L’inizio del XIX secolo segnò la nascita dell’università moderna in Europa. Accadde quando il modello tedesco (humboldtiano) fondato sulla libertà del sapere ebbe il sopravvento su quello imperiale, del tutto autoritario, come racconto in un libretto pubblicato in inglese da Springer e del tutto ignorato in Italia (Morte e Resurrezione delle Università, 2019). Era il 21 marzo del 1810, quando l’imperatore dei francesi arringò il Consiglio di Stato con queste parole: “Il Corpo universitario avrà il compito di dare per primo l’allarme e di essere pronto a resistere contro le pericolose teorie degli spiriti singolari… che cercano di agitare l’opinione pubblica. […] Negli Stati bene organizzati c’è sempre un corpo destinato a considerare i principi della morale e della politica”.

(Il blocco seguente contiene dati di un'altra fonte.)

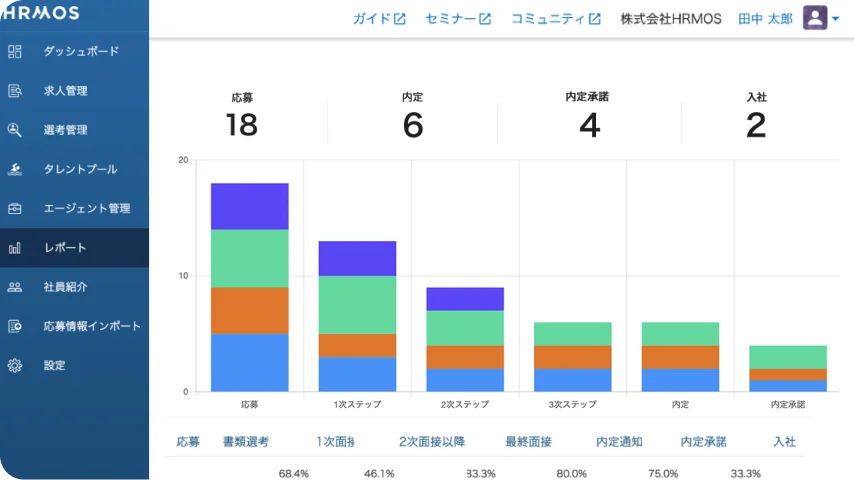 採用データを自動分析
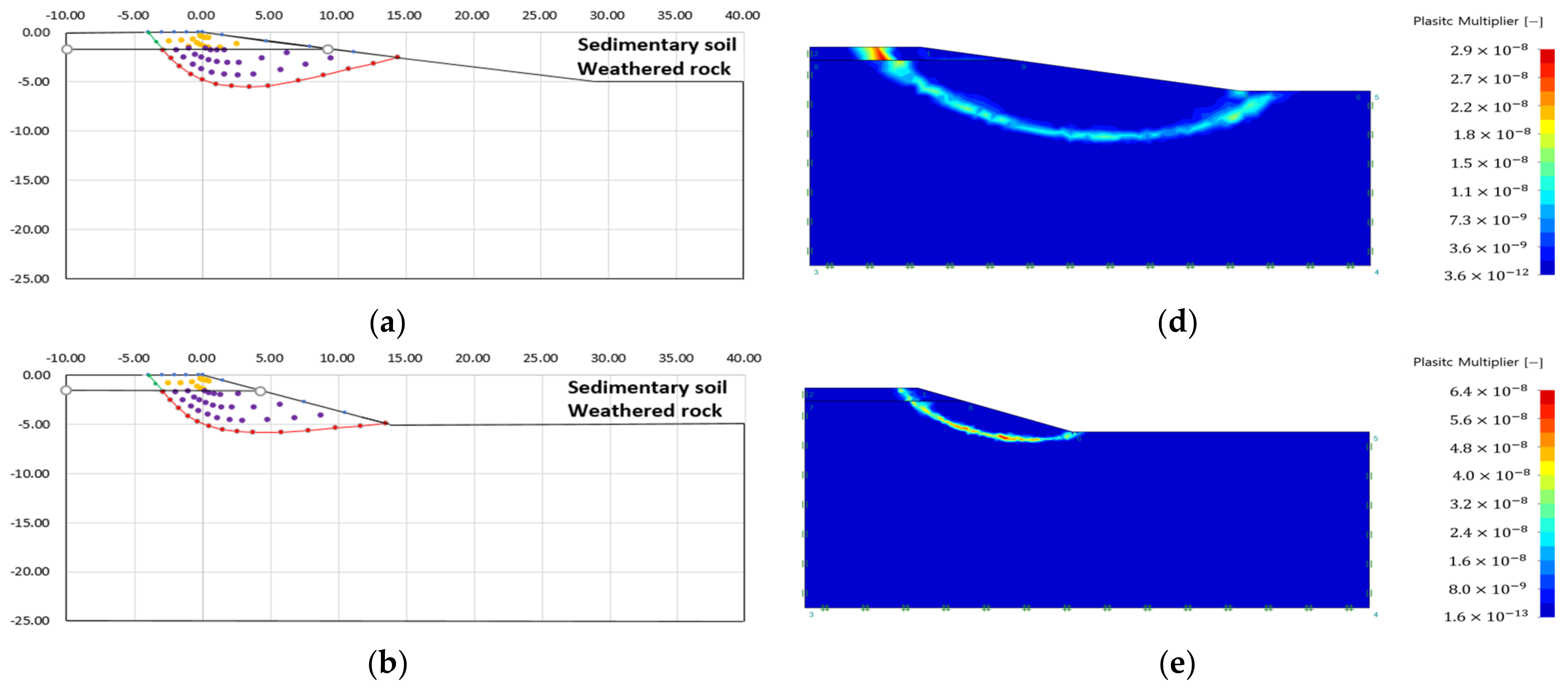 Applsci 13 03863 g018a Applsci 13 03863 g018a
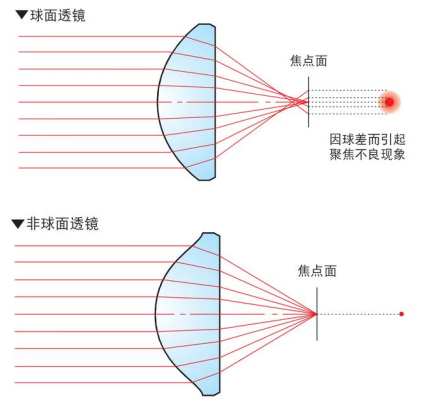 球面透鏡與非球面透鏡
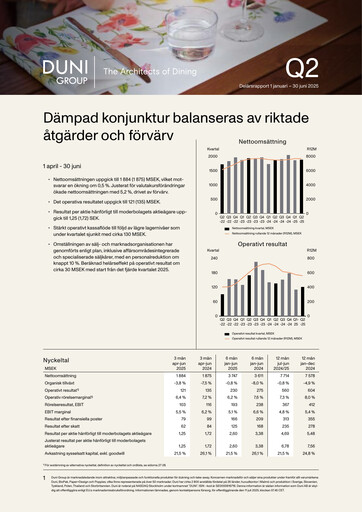 Thumbnail Duni AB Quarterly Report 2025-q2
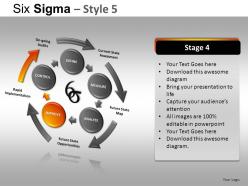 Six sigma 5 powerpoint presentation slides db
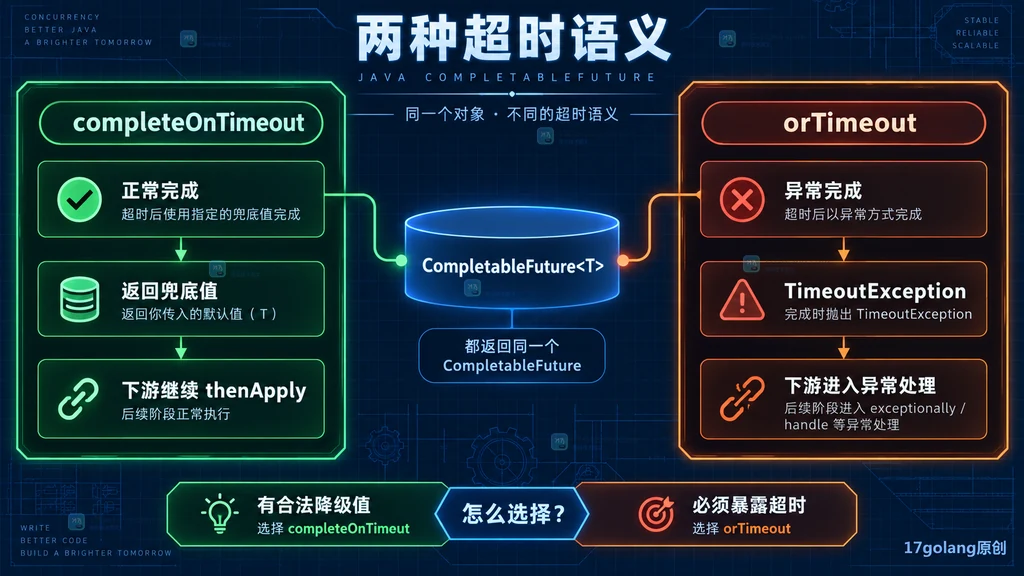 completeOnTimeout 与 orTimeout 的正常完成和异常完成路径对比图
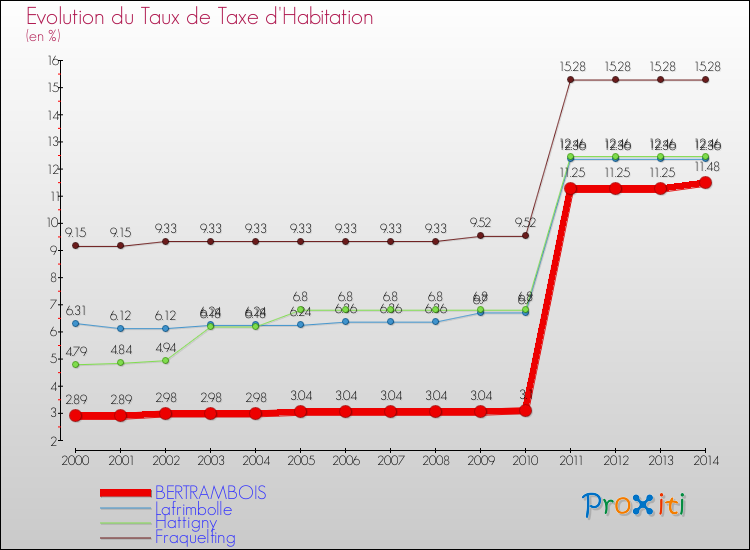 Evolution du taux de la taxe d'habitation pour BERTRAMBOIS et les communes proches de 2000 à 2014 Comparaison des taux de la taxe d'habitation pour BERTRAMBOIS et les communes voisines de 2000 à 2014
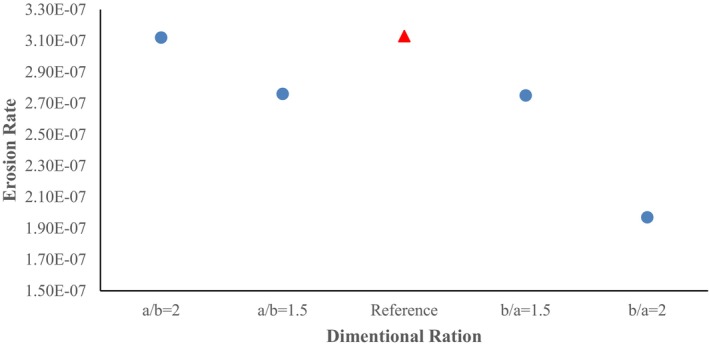 FIGURE 16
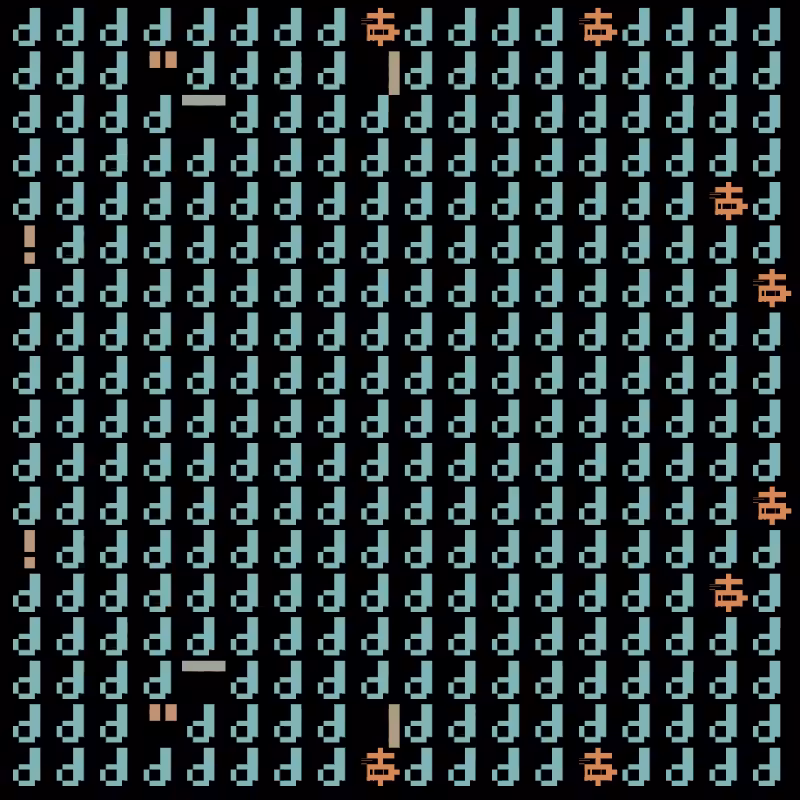 CharCrafter0 #848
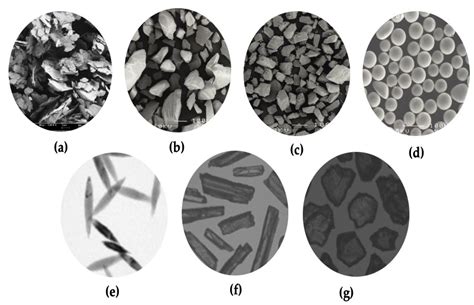 1. Inconsistent Particle Size and Shape:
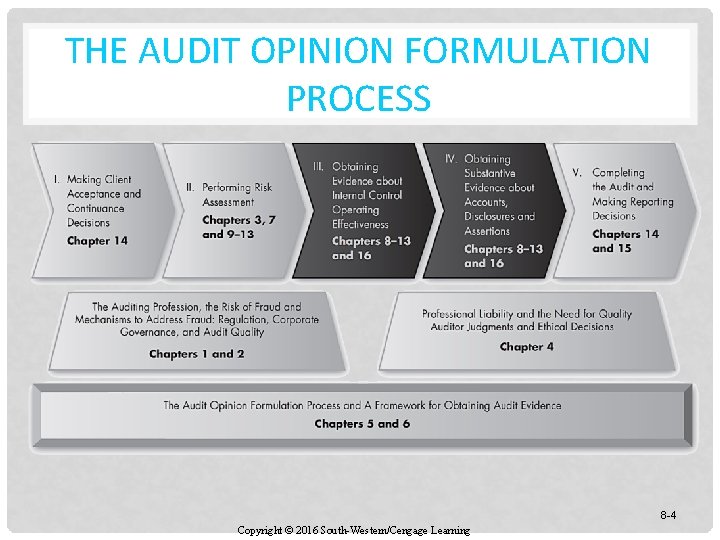 THE AUDIT OPINION FORMULATION PROCESS 8 -4 Copyright © 2016 South-Western/Cengage Learning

Il meteo, la supponenza imperiale e una buona dose di sfortuna contribuirono alla sconfitta di Napoleone a Waterloo. Ma le idee imperiali sopravvivono in eterno e rifioriscono oggi nell’area del mondo accademico più bellicosa, bellicista e prona alla volontà politica. Nel nuovo disordine globale, le istituzioni accademiche si appiattiranno giocoforza sulla necessità politica e sulla ragione economica e finanziaria dettata dal mercato; quando non hanno già fatto, giacché i Pierini sono in servizio permanente ed effettivo, se perfino Dostoevskij ne ha fatto le spese.

Il gelo è già entrato nella nostra vita, se “l’istante in cui è morta la globalizzazione è stato quando Cina, India e Sud Africa si sono astenute tutte nel voto delle Nazioni Unite che condannava l’invasione russa”, come ha scritto un giornalista inglese, Robert Peston. La Russia ha una enorme responsabilità, ma non credo che l’occidente, più o meno unito, la Cina e l’Africa, l’India e l’America Latina abbiano tutti remato compatti contro la corrente siberiana. Come scrisse Mark Twain in The War Prayer: “Fu davvero un momento di felicità e di grazia, e quella mezza dozzina di spiriti sconsiderati, che si peritavano di disapprovare la guerra e di dubitare che fosse giusta, riceverono lì per lì un tale severo e adirato rimprovero che per salvaguardare la loro incolumità personale si resero presto introvabili e si astennero dal ripetere simili offese”.

Spesso dimentichiamo che la Russia è un paese che ha applicato scrupolosamente la riforma ordo-liberale prima di trasformarsi in aggressore nazionalista. La globalizzazione è stata molto apprezzata da chi la diffondeva con impeto religioso e da chi, in virtù della globalizzazione, bandiva la propria fame assaggiando il benessere. Ma è stata anche declinata con generose dosi di strabismo, cinismo e imprudenza; usando bastoni e carote non sempre condivisi né dai bastonati né dai roditori, pur riconoscenti; e nel disprezzo per la geografia e il clima, due concetti che, agli albori della climatologia, coincidevano.